◆ Your goal
From the entries below, please output exactly the lines starting at the one containing "Immagine di Acqua Lauretana Nat. 1,5x6" and ending at the one containing "Magnum Flow Universal", both included.

"""

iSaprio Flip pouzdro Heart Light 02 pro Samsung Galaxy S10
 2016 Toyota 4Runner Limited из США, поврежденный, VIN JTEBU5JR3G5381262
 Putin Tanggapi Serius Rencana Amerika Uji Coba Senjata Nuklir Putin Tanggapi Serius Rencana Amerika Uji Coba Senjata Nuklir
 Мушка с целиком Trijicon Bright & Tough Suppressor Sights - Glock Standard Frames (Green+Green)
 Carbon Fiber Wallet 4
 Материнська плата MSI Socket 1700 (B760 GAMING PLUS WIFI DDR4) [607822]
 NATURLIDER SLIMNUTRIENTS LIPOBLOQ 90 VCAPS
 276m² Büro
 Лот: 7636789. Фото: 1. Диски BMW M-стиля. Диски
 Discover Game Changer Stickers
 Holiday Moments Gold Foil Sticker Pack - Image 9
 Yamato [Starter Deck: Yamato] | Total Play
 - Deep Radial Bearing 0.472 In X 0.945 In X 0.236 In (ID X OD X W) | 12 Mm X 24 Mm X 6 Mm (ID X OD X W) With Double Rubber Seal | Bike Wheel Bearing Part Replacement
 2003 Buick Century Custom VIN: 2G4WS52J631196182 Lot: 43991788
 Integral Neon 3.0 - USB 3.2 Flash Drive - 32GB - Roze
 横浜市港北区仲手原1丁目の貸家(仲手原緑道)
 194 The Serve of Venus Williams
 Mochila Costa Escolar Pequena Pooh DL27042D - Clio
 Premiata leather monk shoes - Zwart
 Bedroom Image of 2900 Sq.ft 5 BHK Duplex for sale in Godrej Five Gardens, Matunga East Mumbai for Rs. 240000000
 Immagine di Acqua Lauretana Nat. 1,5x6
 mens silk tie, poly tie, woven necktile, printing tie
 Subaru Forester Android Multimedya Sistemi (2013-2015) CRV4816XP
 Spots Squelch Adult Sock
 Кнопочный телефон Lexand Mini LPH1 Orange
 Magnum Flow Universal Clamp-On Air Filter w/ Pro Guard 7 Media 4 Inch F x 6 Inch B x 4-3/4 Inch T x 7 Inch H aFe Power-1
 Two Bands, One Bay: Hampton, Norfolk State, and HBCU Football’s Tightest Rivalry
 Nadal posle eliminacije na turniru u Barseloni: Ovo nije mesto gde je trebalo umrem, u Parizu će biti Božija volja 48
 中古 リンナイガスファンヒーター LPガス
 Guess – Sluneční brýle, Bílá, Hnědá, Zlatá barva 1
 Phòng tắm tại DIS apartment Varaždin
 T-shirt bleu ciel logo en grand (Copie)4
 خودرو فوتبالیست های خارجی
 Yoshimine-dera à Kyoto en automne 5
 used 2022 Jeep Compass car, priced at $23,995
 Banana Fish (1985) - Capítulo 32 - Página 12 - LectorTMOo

"""

◆ Answer to this exercise
 Immagine di Acqua Lauretana Nat. 1,5x6
 mens silk tie, poly tie, woven necktile, printing tie
 Subaru Forester Android Multimedya Sistemi (2013-2015) CRV4816XP
 Spots Squelch Adult Sock
 Кнопочный телефон Lexand Mini LPH1 Orange
 Magnum Flow Universal Clamp-On Air Filter w/ Pro Guard 7 Media 4 Inch F x 6 Inch B x 4-3/4 Inch T x 7 Inch H aFe Power-1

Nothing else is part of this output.